Commentaire n°7 posté par alena le 18/09/2012 à 21h32
Avec un peu de retard (mais je suis le lièvre d'Alice ces temps ci) je me réjouis doublement : Chevillard vient de publier (c'est Jourde qui me l'avait fait découvrir) et votre billet est plus drôle que ceux que vous citez. 
Commentaire n°8 posté par Zoë Lucider le 19/11/2012 à 22h41
C'est un grand Chevillard, vraiment - et qu'on apprécie encore plus quand on connaît déjà un peu l'auteur.
Réponse de PhA le 21/11/2012 à 18h10

samedi 8 septembre 2012

porte à porte

La chatière mettrait plus efficacement la porte en abyme si vous vouliez bien aider la souris à passer par la souricière.
 
La porte est donc sans doute une hommière qui s’ignore.
 
Quant à la gentilhommière, on voit bien ce qu’elle doit à la folie des grandeurs de son propriétaire qui, non content de pouvoir l’ouvrir et la fermer, a construit autour une coquette demeure, fait pousser des arbres et couler des rivières, enfin l’a ceinte de tout un monde encore dans le seul but de s’en retirer. 

jeudi 6 septembre 2012

La blonde et le bunker

La collection
 
Des bandes magnétiques, des négatifs : Gray ne fut pas surpris.
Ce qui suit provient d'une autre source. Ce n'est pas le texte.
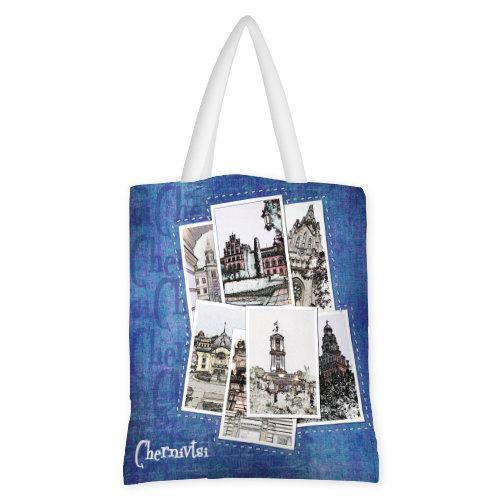 Сумка женская тканевая Presentville Chernivtsi university (SV CHR005 WH)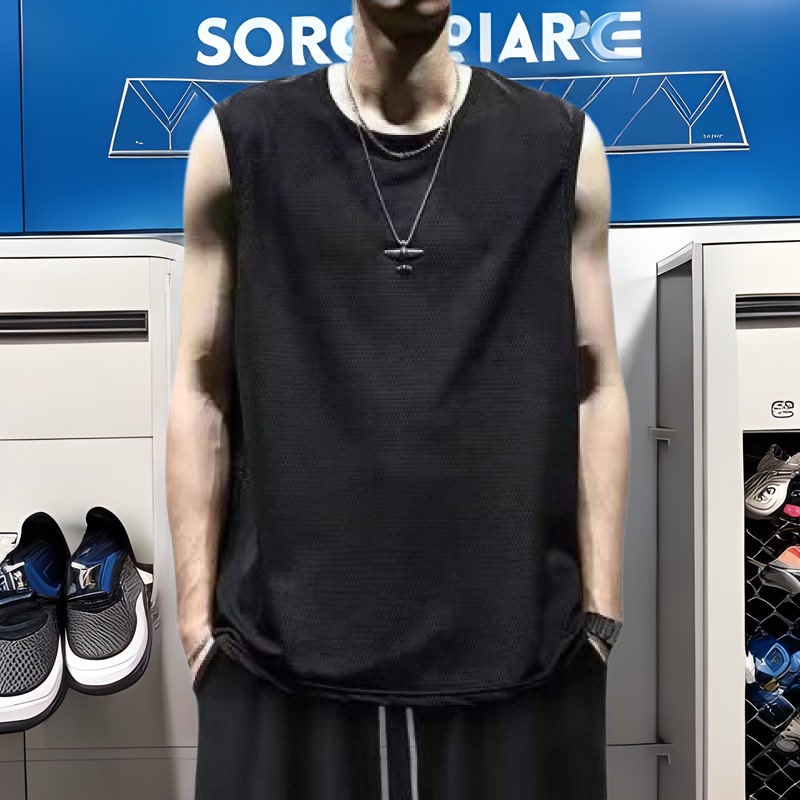 Boys Basketball Suit Summer Ice Silk Thin Quick-drying Teenagers Vest Shorts Trendy Handsome Casual Sports suit Boys Basketball Suit Summer Ice Silk Thin Quick-drying Teenagers Vest Shorts Trendy Handsome Casual Sports suit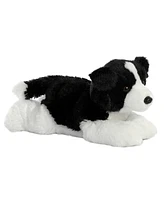 Aurora Medium Border Collie Flopsie Adorable Plush Toy Black 12"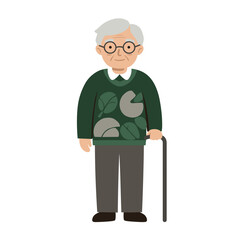 Elderly man with cane symbolizing care, inclusion, and ESG responsibility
Au contraire, il s’estimait encouragé. Le rédacteur du Bilan provisionnel du sous-comité des archivistes tenait ces données du relativement célèbre professeur Wazski (fils du chef d’orchestre Warski) qui enseignait, dans une grande université américaine, cette discipline bâtarde qu’est l’histoire de l’art. Il avait évoqué, lors d’une conversation dont ne subsistaient que ces quelques notes prises hâtivement sur du papier bleuâtre, les circonstances thermiques de la collection (en devras Celsius d’abord, ce qui suggérait qu’il tenait ces informations d’un Européen). Pas une fois il n’aborda la question du contenu. Tout indiquait néanmoins que le professeur s’était intéressé de près à. la collection. On prétendait qu’il avait eu, à une époque, l’intention d’y consacrer un article, devenu ensuite un projet de livre (ou était-ce l’inverse – un projet de livre dégradé en article, on ne savait plus). Il en suivait les migrations, qu’il répertoriait dans une manière d’éphéméride. Peut-être même y avait-il eu accès.
Un jour, il l’avait, devant témoin, appelée d’un autre nom que celui qu’on lui donnait communément.
–  Un autre nom ? Quel autre nom ?
– Le professeur Warski a quitté l’université sans se retourner, fut l’étrange réponse qui lui fut faite.
– Mais il s’agit bien de la collection Castiglioni ? s’enquit Gray, craignant de lâcher la proie pour l’ombre.
– Je crois. On n’est jamais sûr, vous savez. Peut-être était-ce le titre qu’il comptait donner à ses travaux. Peut-être était-ce un lapsus.
– Quel autre nom ?
– La collection Eurydice, admit le rédacteur du bout des lèvres.
 
 
Jakuta Alikavazovic, La blonde et le bunker, p. 71-72, L’Olivier, 2012.
 
La menace de l’inexistence est un beau sujet érotique. (J’aime les romans quand ils racontent autre chose que ce qu’ils disent.)